I am wondering how a transformation from, e.g., a 3D data space that should be mapped into physical space with the dimensions XYC would look like? Did you consider this or are we currently assuming that all dimensions of the transformation are always spatial? I think an argument for supporting a data space XYC was that some people have data with lots of channels and would like to configure the chunking such that all channels for one location XY are loaded as one chunk.
Let's say I want 5 micrometer voxel spacing in the physical space and translate 10 micrometer and have XYC data space. Would something like this be the idea?
affine =
{ 5, 0, 0, 10,
0, 5, 0, 10,
0, 0, 1, 0 }
axisLabels: {"x", "y", "c"}
axisUnits: {"micrometer", "micrometer", "channel"}
https://github.com/ome/ngff/issues/28#issuecomment-784168157 I think scale/translate/physical units is priority 1
:+1: And that may be part of "drawing a line" through this issue as well.
https://github.com/ome/ngff/issues/28#issuecomment-784168157 but I dunno, it sounds like compatibility to existing OME metadata is a concern @joshmoore?
Eventually there will be need to be something to cover all the OME metadata. If it's handled in one of the preliminary more binary-focused specs, then :+1: and those fields need not appear verbatim. If not, eventually there will need to be an OME
-prefixed block to take the rest.
@joshmoore I think we can distill a pretty good proposal out of the current discussion that also covers some more transformations and would be extensible to more custom ones. I'd be happy to formalize it, but it hinges on a decision about the dimensionality in #35.
#28 (comment) I think scale/translate/physical units is priority 1
+1 And that may be part of "drawing a line" through this issue as well.
Let's say I want 5 micrometer voxel spacing in the physical space and translate 10 micrometer and have XYC data space. Would something like this be the idea?
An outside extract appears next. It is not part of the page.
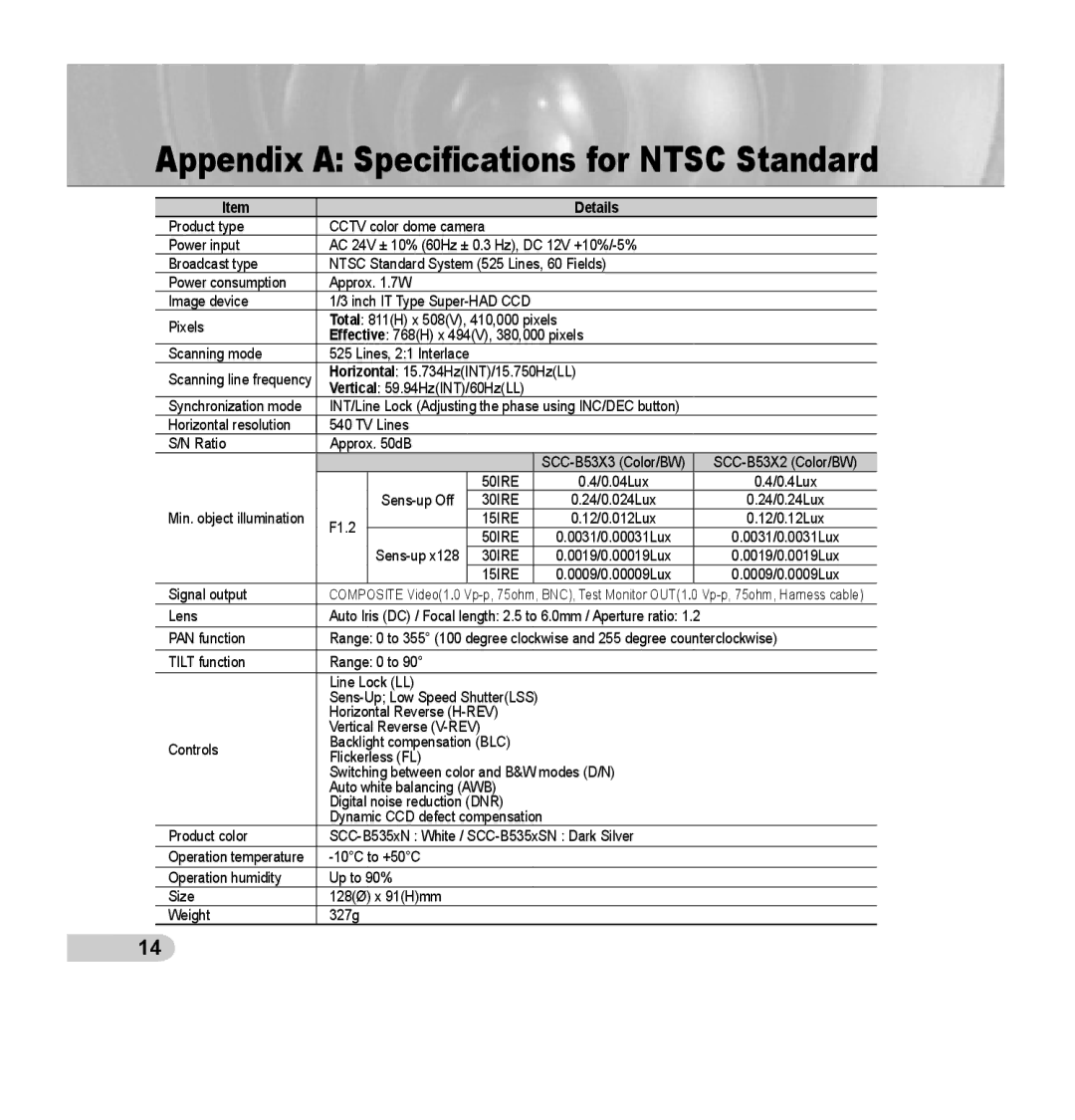 Samsung SCC-B5352SP, SCC-B5352P, SCC-B5353P, SCC-B5353SP manual Appendix a Speciﬁcations for Ntsc Standard, Details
affine = { 5, 0, 0, 10, 0, 5, 0, 10, 0, 0, 1, 0 } axisLabels: {"x", "y", "c"} axisUnits: {"micrometer", "micrometer", "channel"}
@tischi I agree that we should think about how to deal with non-spatial axes in the transformation spec. But I see some issues with your specific proposal:
I am not quite sure what's a better approach yet, my plan here was to wait for a decision about the data dimensionality, then distill what we discussed for the transformation spec so far and think about how to fit non-spatial axes into that. (I am happy for any more suggestions on how to tackle this problem in the meantime of course.)
@tischi
affine = { 5, 0, 0, 10, 0, 5, 0, 10, 0, 0, 1, 0 } axisLabels: {"x", "y", "c"} axisUnits: {"micrometer", "micrometer", "channel"}
my favorite would be something like
"transformation" : {
"type" : "sequence",
"name" : "scale and shift but leave the channels alone",
"data" : [{
"type" : "scale",
"data" : [5, 5, 1]
}, {
"type" : "translation",
"data" : [10, 10, 0]
}]
},
"axis" : [
{
"label" : "x",
"type" : "space",
"unit" : "nm"
}, {
"label" : "y",
"type" : "space",
"unit" : "nm"
}, {
"label" : "c",
"type" : "custom name for what is meant with channels as long as it isn't wavelength which should be space"
}]
or
"transformation" : {
"type" : "scaleShift",
"name" : "scale and shift but leave the channels alone",
"data" : [[5, 5, 1], [10, 10, 0]]
},
"axis" : [
{
"label" : "x",
"type" : "space",
"unit" : "nm"
}, {
"label" : "y",
"type" : "space",
"unit" : "nm"
}, {
"label" : "c",
"type" : "custom name for what is meant with channels as long as it isn't wavelength which should be space"
}]
@axtimwalde And would the "label" need to be chosen from a defined set: "x", "y", "z", "c", "t" or could that be free text? I'd naively think it should be from a defined set, because otherwise I do not see how the viewer would know which axis should be displayed, e.g. horizontally ("x") on the screen.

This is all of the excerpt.